DES UNIVERSITAIRES / Une des opinions les plus largement répandues en ce qui a trait à nos pratiques agricoles est que nous faisons face à un terrible dilemme : afin de nourrir tout le monde, nous n’avons pas d’autre choix que de recourir à des engrais chimiques, à des pesticides, à de la machinerie lourde, en pratiquant une monoculture industrielle sur des terres dont tous les arbres ont été arrachés. Autrement dit, il faut sacrifier la vie des abeilles, la pureté de l’eau, la santé humaine et la qualité de vie en milieu rural. Si, au contraire, nous voulons préserver la biodiversité, atténuer les changements climatiques, rémunérer correctement ceux et celles qui nous nourrissent, cela signifierait que nous acceptons de sacrifier la vie de centaines de millions de nos concitoyens.

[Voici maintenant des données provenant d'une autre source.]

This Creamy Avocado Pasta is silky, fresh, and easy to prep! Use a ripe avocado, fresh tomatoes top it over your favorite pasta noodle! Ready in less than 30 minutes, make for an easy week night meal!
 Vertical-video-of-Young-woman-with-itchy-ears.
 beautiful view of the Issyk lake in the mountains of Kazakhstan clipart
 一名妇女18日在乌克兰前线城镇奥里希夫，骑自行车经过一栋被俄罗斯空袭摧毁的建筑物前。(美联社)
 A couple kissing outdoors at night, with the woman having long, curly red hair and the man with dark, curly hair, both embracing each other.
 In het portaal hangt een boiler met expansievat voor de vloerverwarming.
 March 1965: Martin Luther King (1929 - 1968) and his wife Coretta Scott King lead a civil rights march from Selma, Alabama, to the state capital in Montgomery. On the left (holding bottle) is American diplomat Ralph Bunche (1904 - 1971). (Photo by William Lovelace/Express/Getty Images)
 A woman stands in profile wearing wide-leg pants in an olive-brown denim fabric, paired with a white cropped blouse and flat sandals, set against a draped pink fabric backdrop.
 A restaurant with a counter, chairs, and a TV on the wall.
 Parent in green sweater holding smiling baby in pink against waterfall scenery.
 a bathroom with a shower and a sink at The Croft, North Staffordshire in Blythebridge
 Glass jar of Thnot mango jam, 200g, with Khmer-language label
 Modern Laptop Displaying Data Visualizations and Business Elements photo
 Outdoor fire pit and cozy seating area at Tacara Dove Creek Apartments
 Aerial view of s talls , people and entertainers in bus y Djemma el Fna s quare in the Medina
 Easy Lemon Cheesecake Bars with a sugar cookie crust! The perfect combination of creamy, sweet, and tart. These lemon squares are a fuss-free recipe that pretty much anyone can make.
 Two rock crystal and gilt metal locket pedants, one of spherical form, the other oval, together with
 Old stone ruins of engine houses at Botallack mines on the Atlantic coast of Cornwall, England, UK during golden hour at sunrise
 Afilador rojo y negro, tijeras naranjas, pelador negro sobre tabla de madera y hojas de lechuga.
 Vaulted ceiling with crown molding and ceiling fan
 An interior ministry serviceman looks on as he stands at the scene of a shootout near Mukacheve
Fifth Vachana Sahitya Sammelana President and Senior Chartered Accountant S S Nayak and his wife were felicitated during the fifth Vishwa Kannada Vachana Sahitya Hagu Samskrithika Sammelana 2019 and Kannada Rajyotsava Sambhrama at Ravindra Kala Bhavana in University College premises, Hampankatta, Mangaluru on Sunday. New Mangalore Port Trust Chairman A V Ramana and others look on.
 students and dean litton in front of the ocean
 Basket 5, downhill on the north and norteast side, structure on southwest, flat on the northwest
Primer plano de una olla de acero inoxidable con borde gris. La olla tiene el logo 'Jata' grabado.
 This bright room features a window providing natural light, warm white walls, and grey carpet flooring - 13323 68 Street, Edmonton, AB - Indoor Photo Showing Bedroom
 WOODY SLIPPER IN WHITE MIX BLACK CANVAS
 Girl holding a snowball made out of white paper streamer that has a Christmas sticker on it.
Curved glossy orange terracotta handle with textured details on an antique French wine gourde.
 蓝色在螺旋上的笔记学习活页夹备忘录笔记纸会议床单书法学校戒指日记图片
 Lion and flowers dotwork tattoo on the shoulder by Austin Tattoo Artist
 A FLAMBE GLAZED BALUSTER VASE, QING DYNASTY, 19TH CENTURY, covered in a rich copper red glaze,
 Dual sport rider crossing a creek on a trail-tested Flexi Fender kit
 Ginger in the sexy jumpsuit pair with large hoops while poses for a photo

Or, c’est un faux dilemme.
 

L’agroécologie

Il existe des pratiques agricoles qui permettent de nous nourrir sans avoir besoin, pour ce faire, de détruire la planète. Ce sont celles de l’agroécologie, c’est-à-dire des pratiques qui privilégient la rencontre de l’agriculture et de l’écologie, dans une perspective de soutenabilité de la production alimentaire, sans occulter divers enjeux sociaux, y compris celui du droit à l’alimentation.
 

Des critiques non fondées

L’une des principales critiques adressées à l’agroécologie n’en demeure pas moins sa prétendue incapacité à pouvoir nourrir une population considérable et sans cesse croissante d’êtres humains. Il s’agit évidemment d’une crainte légitime qui mérite d’être étudiée de façon extrêmement attentive. Il ne faudrait pas sacrifier la vie de centaines de millions de personnes par simple choix idéologique. Or, l’acharnement à perpétuer les pratiques destructives de l’agriculture industrielle ressemble de plus en plus à cette idéologie et à cette absence de réalisme qui seraient, selon elle, caractéristiques de l’agroécologie. Si on a cru un temps qu’un progrès technique, allant de pair avec une industrie agricole toute puissante, réglerait définitivement le problème de la faim sur la planète, il faut bien se rendre à l’évidence aujourd’hui que cela n’est pas le cas. Non seulement l’insécurité alimentaire et nutritionnelle sévit-elle toujours – environ 800 millions de personnes ne mangent pas à leur faim, sans compter toutes celles qui souffrent de diverses carences nutritionnelles –, mais on détruit, à un rythme inégalé dans l’histoire de la planète, ses ressources et sa biodiversité, si bien que la capacité des générations qui nous suivront à se nourrir convenablement paraît aujourd’hui menacée.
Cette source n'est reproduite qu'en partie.